So Many People Want to See the Tommies and the Johnnies

The 10th-ranked Tommies (2-1) were scheduled to host the No. 6 Johnnies (3-0) this year. But the St. Thomas president, Julie Sullivan, said the game had outgrown her campus, and the attraction of a major-league stadium with plentiful parking proved irresistible to both colleges’ alumni.

McDonough and Fowler only wish they could go.

Fowler, a 1966 St. Thomas graduate who served five years on its board of trustees, had planned to attend until three weeks ago, when his staff asked him to host a group of local sports dignitaries in his suite during the Padres game on Saturday. “I’ll either be online catching the game, or if I’m asked to do something else, I’ll have someone monitor it and keep me appraised,” Fowler said in a telephone interview. He said Sullivan was still holding two tickets for him, just in case.

McDonough, St. John’s Class of ’92, was a three-year starter at defensive back for the famed Johnnies coach John Gagliardi. But he said he has a more pressing engagement at home in suburban Maryland: this weekend is his wife Kari’s birthday.

“One thing John taught me was to marry up and honor my wife,” McDonough said of Gagliardi. “If I told her I was going, it might not be keeping with that tradition.”

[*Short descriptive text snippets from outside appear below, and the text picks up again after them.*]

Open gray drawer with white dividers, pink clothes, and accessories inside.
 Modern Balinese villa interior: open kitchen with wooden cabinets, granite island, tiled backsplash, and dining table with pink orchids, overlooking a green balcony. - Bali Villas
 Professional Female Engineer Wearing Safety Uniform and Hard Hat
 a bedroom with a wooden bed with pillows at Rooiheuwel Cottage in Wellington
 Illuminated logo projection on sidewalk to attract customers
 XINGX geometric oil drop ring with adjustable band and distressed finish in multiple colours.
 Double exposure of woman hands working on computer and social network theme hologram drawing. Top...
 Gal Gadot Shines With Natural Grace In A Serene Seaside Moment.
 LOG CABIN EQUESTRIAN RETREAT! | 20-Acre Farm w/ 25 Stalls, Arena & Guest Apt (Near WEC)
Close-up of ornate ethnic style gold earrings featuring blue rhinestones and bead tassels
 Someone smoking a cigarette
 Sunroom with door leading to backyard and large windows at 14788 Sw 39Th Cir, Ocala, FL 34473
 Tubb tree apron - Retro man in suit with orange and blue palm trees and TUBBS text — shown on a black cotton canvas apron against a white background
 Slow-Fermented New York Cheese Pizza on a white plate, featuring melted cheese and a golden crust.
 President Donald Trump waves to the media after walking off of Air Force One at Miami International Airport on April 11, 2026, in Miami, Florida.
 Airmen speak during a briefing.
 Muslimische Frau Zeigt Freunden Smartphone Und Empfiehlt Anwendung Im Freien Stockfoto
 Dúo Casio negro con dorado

But McDonough wouldn’t be a Johnnie if he didn’t keep track. The last few years, he said, have found him in one of two places on Saturday afternoons — in his West Wing office, where he listened to Johnnies broadcasts on a laptop, or at his children’s soccer games. At the latter, he used his phone to track his alma mater.

If either technology falters, McDonough has been known to call the St. John’s reception building, known as the Great Hall, for updates.

“I will draw on all my tricks to make sure I keep abreast of developments in the game,” he said. “Count on that.”

The St. John’s-St Thomas rivalry, which began in 1901, features a cute origin story, a long stretch of one-sided domination, and a recent reversal of fortune. Minnesotans describe it as the city rich kids (Tommies) versus the outstate farmers (Johnnies), and each side revels in its own collection of inside jokes and risqué T-shirts.

Since 2001, the teams have played for a trophy known as the Holy Grail, though the original vanished several years ago, reportedly while in St. John’s custody. (That’s the St. Thomas version of the story, anyway.)